All the data that follows should be repeated exactly, without a single picture.

Exercise data:

■ ■ ■ ■ ■ ■ ■

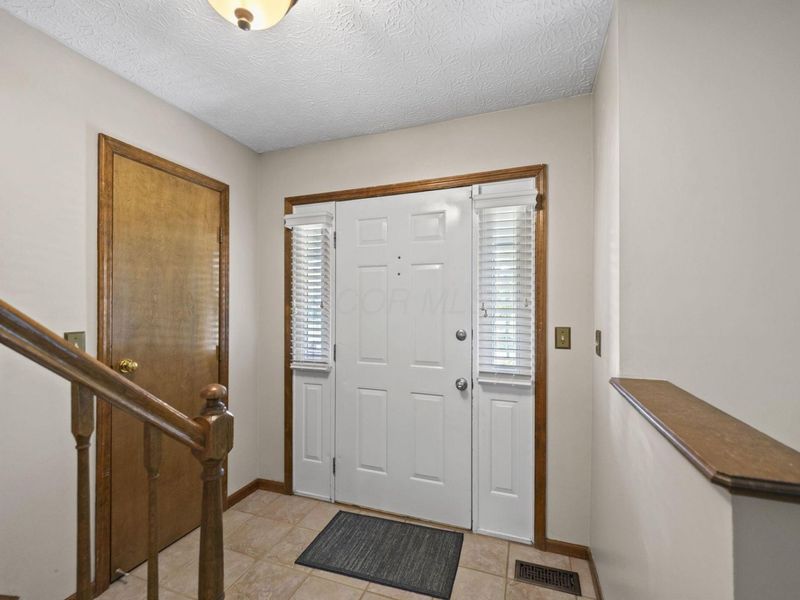 636 Waybaugh Drive, Columbus, OH 43230 Photo 5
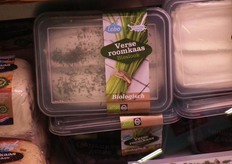 In de koeling lag 1 bio-product: verse roomkaas-bieslook.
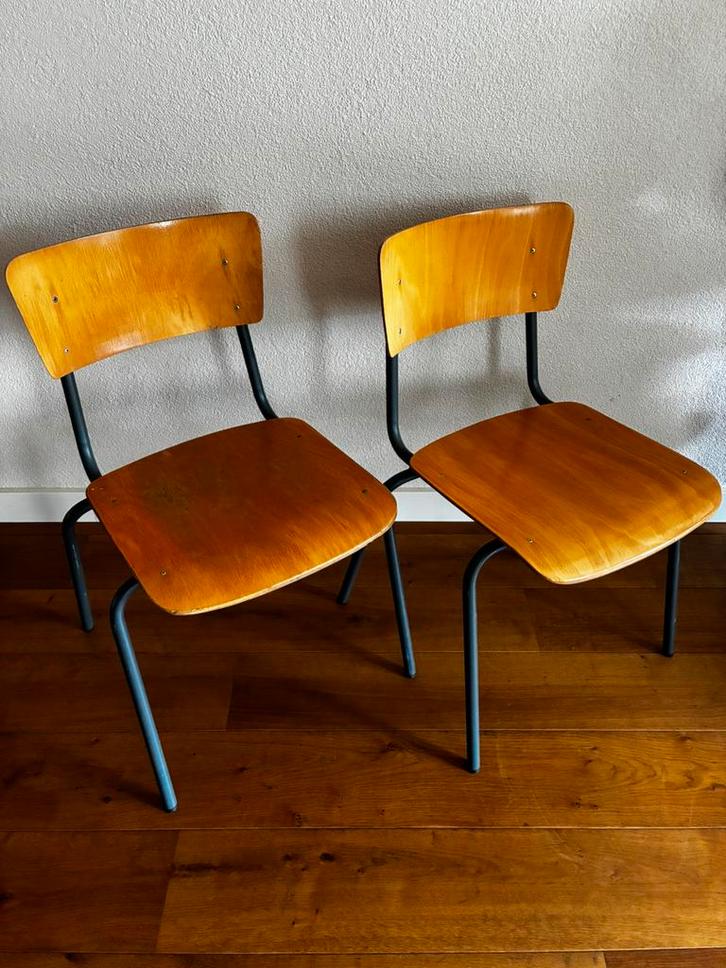 Schoolstoelen - nog 2 stuks beschikbaar - stapelbaar, Huis en Inrichting, Stoelen, Gebruikt, Vijf, Zes of meer stoelen, Hout, Metaal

■ ■ ■ ■ ■ ■ ■

Written answer:
 636 Waybaugh Drive, Columbus, OH 43230 Photo 5
 In de koeling lag 1 bio-product: verse roomkaas-bieslook.
 Schoolstoelen - nog 2 stuks beschikbaar - stapelbaar, Huis en Inrichting, Stoelen, Gebruikt, Vijf, Zes of meer stoelen, Hout, Metaal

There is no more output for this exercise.